Eurybia divaricata (Aster divaricatus)

The white woodland aster, or eurybia divaricata, is a quiet beauty. It has sprays of white, starry flowers from June to October in England, from late summer through the fall in North America. 


Eurybia divaricata Aster divaricatus
Eurybia divaricata, photo by Tom Potterfield, Creative Commons
The leaves are heart-shaped, with a slight twist at the pointed end, as if someone had tweaked them. They also have a surprisingly spring-like fresh green to them all season long. The purple-black stems are twisty, with the flower sprays pointing this way and that. These stems are what give the plant part of its name, since divaricata means "straggly, sprawling, or spreading". The leaves and stems have also provided common names for the plant: Heartleaf Aster and Serpentine Aster.

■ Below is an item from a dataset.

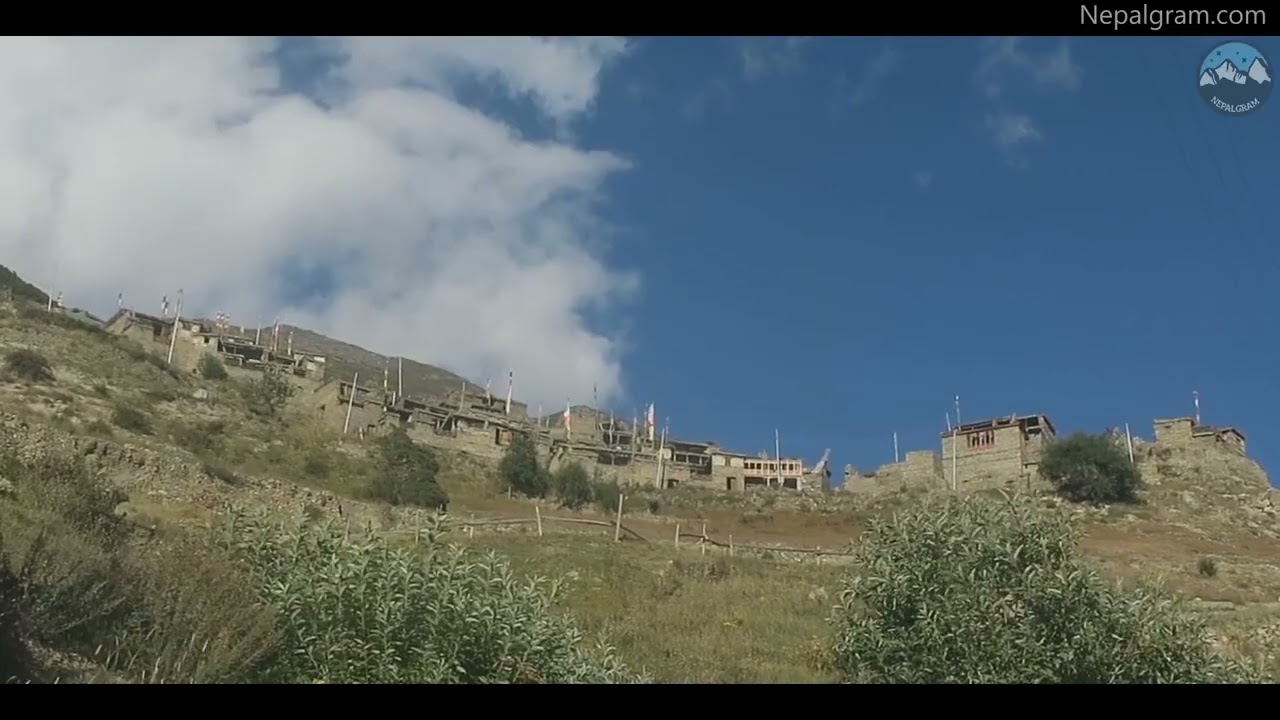 Kangsaar of Tilicho lake trekking - Mountain and village along the route of Tilicho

It is native to eastern North America, all the way from Ontario and Quebec down the eastern half of the continent, although it stops short of Florida. As you might expect from the name, eurybia divaricata is a woodland plant, favouring open, dry woods. It is a survivor, which sends down roots all over and sprawls its way into whatever sun is available. Tidy-minded gardeners deplore its sloppy posture and try to stake it, but the best way to handle it is to find a space where nothing wants to grow, and let it flop all over it. When you see how gracefully the leaves and flowers deploy themselves along the dark, twisting stems, you'll know you were right.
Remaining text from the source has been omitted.